Accusations d’expropriation et destruction de biens
Du côté de la famille Sikafodela, on dénonce une expropriation illégale, réalisée sans consultation ni indemnisation, avec, selon eux, la complicité de certains responsables locaux et judiciaires. Le terrain, historiquement utilisé pour l’agriculture, aurait été dévasté : arbres fruitiers déracinés, maisons démolies, clôtures arrachées.
Contacté par notre rédaction, Souleymane Keita, l’un des héritiers de la famille Sikafodela, affirme : « C’est un héritage transmis par nos ancêtres depuis la création du village. Ce terrain nous appartient. Nous y avons planté des manguiers et des anacardiers. L’autre famille ne peut prouver aucune occupation, aucun arbre, aucune trace. Tout le village peut témoigner ».
À la question de savoir s’ils détiennent des documents légaux, Keita admet l’absence de titres fonciers mais insiste sur la légitimité coutumière.
« Nous n’avons ni acte de cession ni titre foncier, mais nous exerçons paisiblement notre droit depuis des décennies. Ceux qui prétendent aujourd’hui être les propriétaires n’ont aucune preuve concrète, si ce n’est des décisions de justice que nous contestons », soutient-il.
Il affirme que la famille Gninantèninna aurait délibérément détruit les plantations et bâtiments sur le terrain, afin d’effacer toute trace d’occupation.
« Malgré tout, il reste encore des plants d’anacardiers. Nous avons des images, des vidéos. Et la Cour suprême a ordonné la suspension de toute action sur le terrain. Pourtant, ces gens ont commencé à vendre les parcelles à des tiers alors même que la procédure est toujours en cours », indique-t-il.
Une décision judiciaire contestée
Souleymane Keita s’interroge également sur la manière dont la justice a tranché : « Comment peut-on rendre un jugement domanial dans un village sans entendre les témoins vivants ? Tout le monde ici connaît l’histoire du village. Nous savons comment chaque famille est venue s’installer ».
« Dans tous les villages, celui qui réclame un héritage doit prouver l’occupation par lui ou ses ascendants. Pourquoi cette logique n’a-t-elle pas été appliquée dans notre cas ? », poursuit-il.
Il conclut, amer : « Nous sommes des cultivateurs, eux sont connus pour leurs activités dans la vente de terrains. Vous pouvez interroger le village sur leurs antécédents. En plein procès, ils ont déjà vendu presque tout le domaine litigieux. C’est révoltant ».

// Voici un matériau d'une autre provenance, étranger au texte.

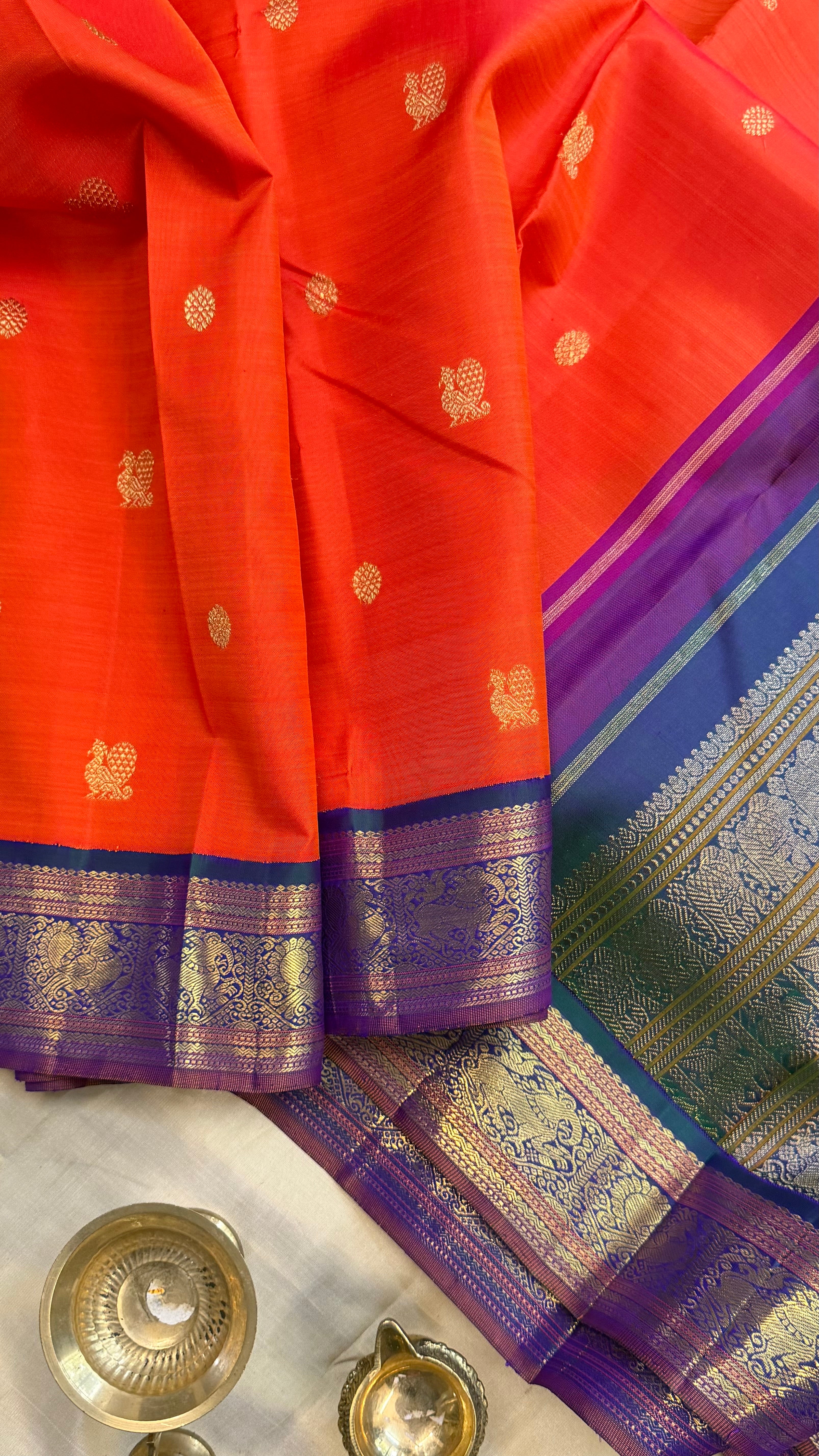 Orange and mayilkazhuthu Kai Korvai/Kanjipuram silk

La version de la famille Gninantèninna : « La justice nous a donné raison »
De son côté, la famille Gninantèninna reste ferme. Pour Yakou Keita, un de ses membres, la légalité de leur position ne fait aucun doute . « Cela fait plus de cinq ans que nous sommes en procès. Et nous avons gagné à toutes les étapes : tribunal de Siguiri, cour d’appel, Cour suprême. Même lors de l’opposition des pièces, la justice a confirmé notre droit », affirme-t-il.
Il balaie d’un revers de main les arguments de la partie adverse : « Ils n’ont aucun document officiel. Qu’ils vous en montrent un seul. Nous, nous avons les décisions de justice ».

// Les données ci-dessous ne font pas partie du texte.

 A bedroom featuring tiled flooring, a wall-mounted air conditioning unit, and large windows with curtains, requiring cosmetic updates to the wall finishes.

Constat d’un huissier : destructions confirmées
Un huissier de justice s’est récemment rendu sur le terrain. Il a constaté la destruction d’arbres fruitiers (manguiers et anacardiers) sur une surface d’environ 7 hectares, ainsi que la démolition de deux bâtiments et le retrait de bornes de délimitation.
Ce litige met en lumière un problème systémique : l’opposition entre droit coutumier et droit écrit, la faiblesse de l’administration foncière, l’absence d’un cadastre moderne, et la vulnérabilité des populations rurales face à la spéculation foncière.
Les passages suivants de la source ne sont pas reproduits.